10. Omdat de rechtbank het beroep gegrond verklaart, moet verweerder aan eiseres het door haar betaalde griffierecht vergoeden.

Beslissing

De rechtbank:
- verklaart het beroep gegrond;
-vernietigt het, met een besluit gelijk te stellen, niet tijdig nemen van een besluit;
- draagt verweerder op uiterlijk twee weken na verzending van deze uitspraak een besluit op bezwaar bekend te maken
- bepaalt dat verweerder aan eiseres een dwangsom van € 100,- moet betalen voor elke dag waarmee hij de hiervoor genoemde termijn overschrijdt, met een maximum van € 15.000,-;
- veroordeelt verweerder in de proceskosten van eiseres tot een bedrag van € 453,50;
- draagt verweerder op het betaalde griffierecht van € 53,- aan eiseres te vergoeden.
Deze uitspraak is gedaan door mr. J.J. Catsburg, rechter, in aanwezigheid van mr. M.E.C. Bakker, griffier. De uitspraak is uitgesproken in het openbaar op 27 augustus 2025.
griffier
rechter
Een afschrift van deze uitspraak is verzonden aan partijen op:

Bent u het niet eens met deze uitspraak?Als u het niet eens bent met deze uitspraak, kunt u een brief sturen naar de rechtbank waarin u uitlegt waarom u het er niet mee eens bent. Dit heet een verzetschrift.
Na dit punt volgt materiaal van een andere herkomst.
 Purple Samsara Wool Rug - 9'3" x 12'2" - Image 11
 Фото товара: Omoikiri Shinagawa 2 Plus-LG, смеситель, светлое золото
U moet dit verzetschrift indienen binnen zes weken na de dag waarop deze uitspraak is verzonden. U ziet deze datum hierboven. Als u graag een zitting wilt waarin u uw verzetschrift kunt toelichten, kunt u dit in uw verzetschrift vermelden.

Voetnoten

1.Artikel 8:54 van de Algemene wet bestuursrecht (Awb).
2.Artikel 6:2, aanhef en onder b, in samenhang met artikel 7:1, eerste lid, aanhef en onder f, van de Awb.
4.Artikel 7:10, eerste lid, van de Awb en artikel 6.10aa, van de Wet hersteloperatie toeslagen.